Airport reopens after eruption
Some things seemed to return to normal in Indonesia Saturday, after a
volcano erupted two days before, slinging hot ash into the sky and
killing three people.
The country's national
air carrier, Garunda Airlines, resumed service to Central Java, the area
covered in the gray ash. The airport in the city of Semarang has
reopened.
Six more airports had been closed in the wake of Mount Kelud's outbreak.
The inundation of the air
with ash can be dangerous to jet engines. It also forced tens of
thousands more out of their homes, the disaster management agency said
Friday.
Indonesia: Volcanic ash falls like rain
Of those who died, two perished from smoke inhalation, while the third was hit by a collapsing wall.
Mount Kelud in the
eastern part of the main island Java had been spewing ash high into the
air, as a smoke plume has risen from out of its crater into the sky.
The government raised its
eruption alert to its highest level overnight, and authorities have
ordered an evacuation of all residents in a 10-kilometer (6.2 miles)
radius of the volcano in eastern Java.
At the height of the crisis Friday, 100,000 people evacuated.

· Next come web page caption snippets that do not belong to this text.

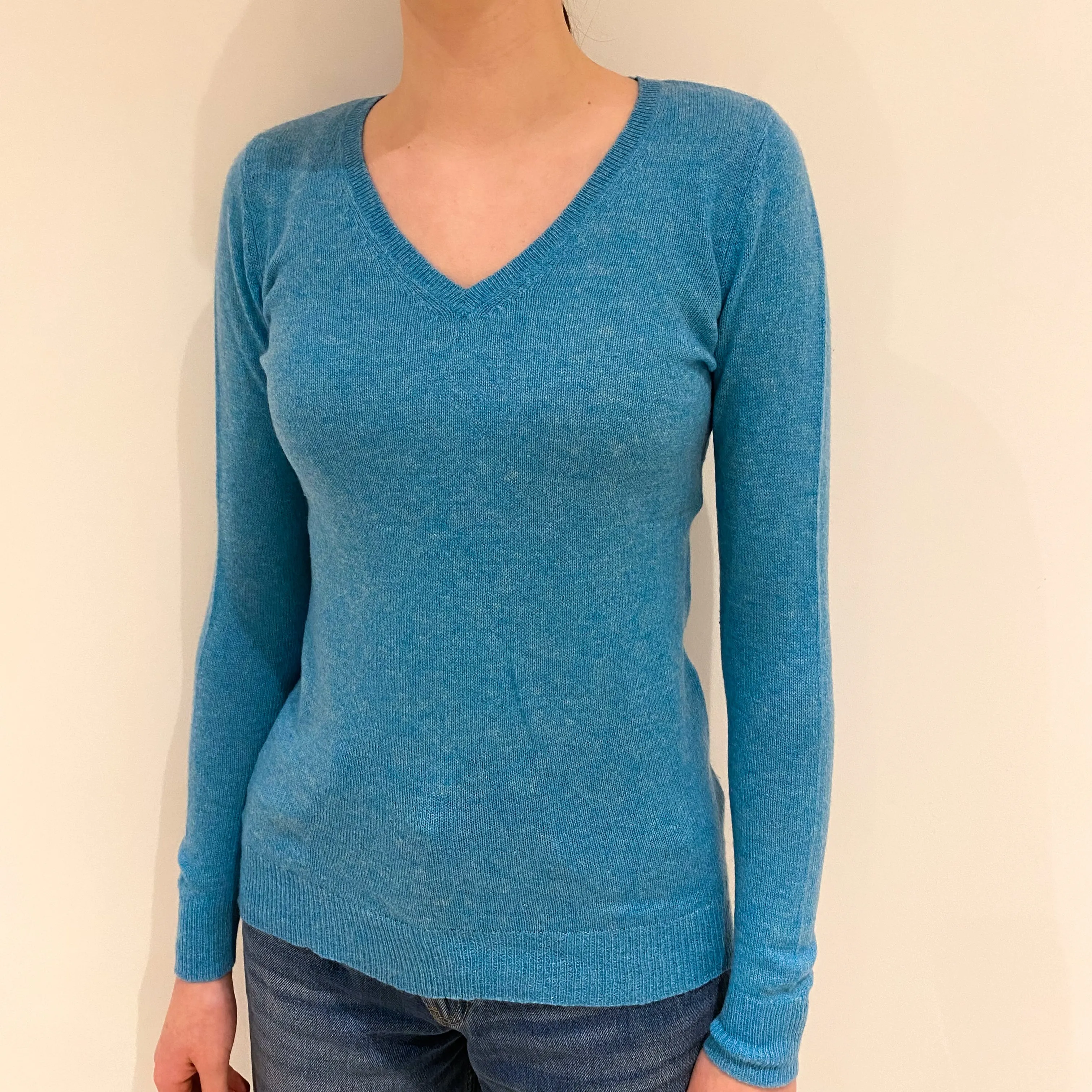 Aqua Blue Cashmere V Neck Jumper Extra Small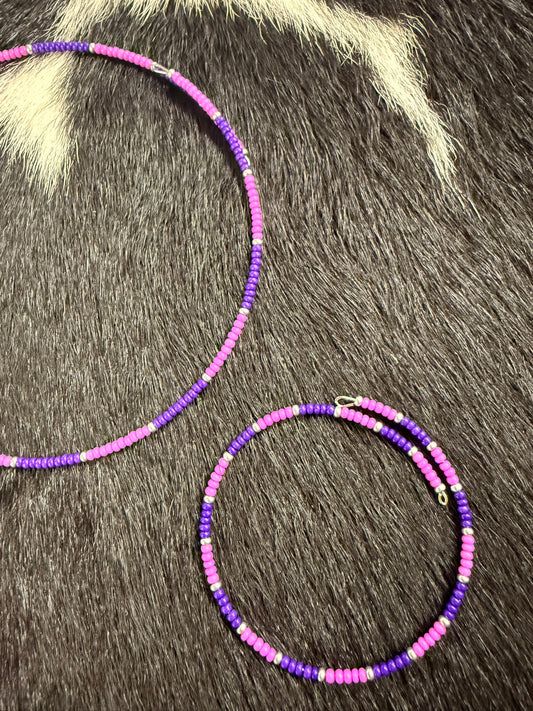 Navajo Handstrung Beaded Choker and Matching Bracelet Purple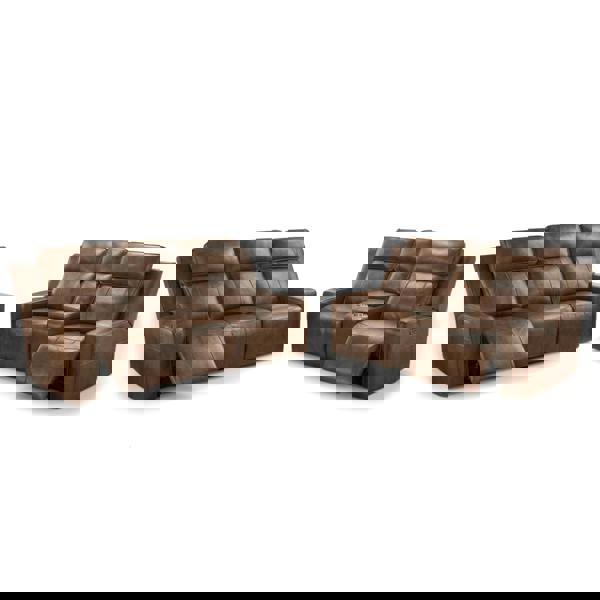 Furnishings For Less Barcino Leather Look Electric Reclining Sofa Suite 3 + 2 USB Charging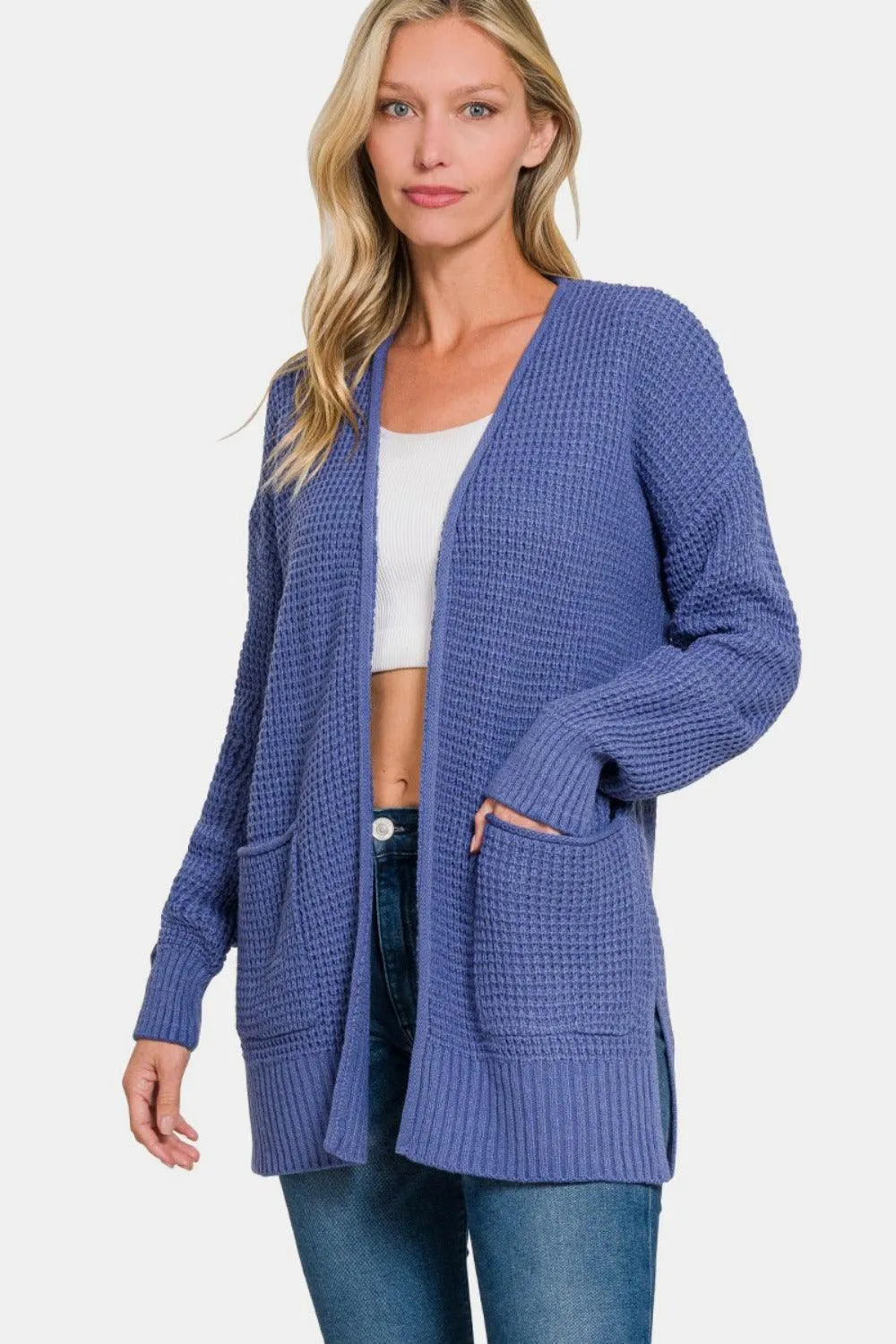 Zenana US Cardigan Waffle Open Front Sweater Long Sleeve Pocketed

But by late Friday, a webcam from the nation's vulcanology society that is trained on the volcano's crater showed it to be calm.
Mount Kelud last erupted in 2007, but it has recently ramped up activity in the past 10 days.
In 1990, an eruption killed more than 30 people and injured hundreds.
Indonesia is part of the
vast "Pacific Ring of Fire," an area of colliding continental plates
where powerful earthquakes and volcanic eruptions often occur.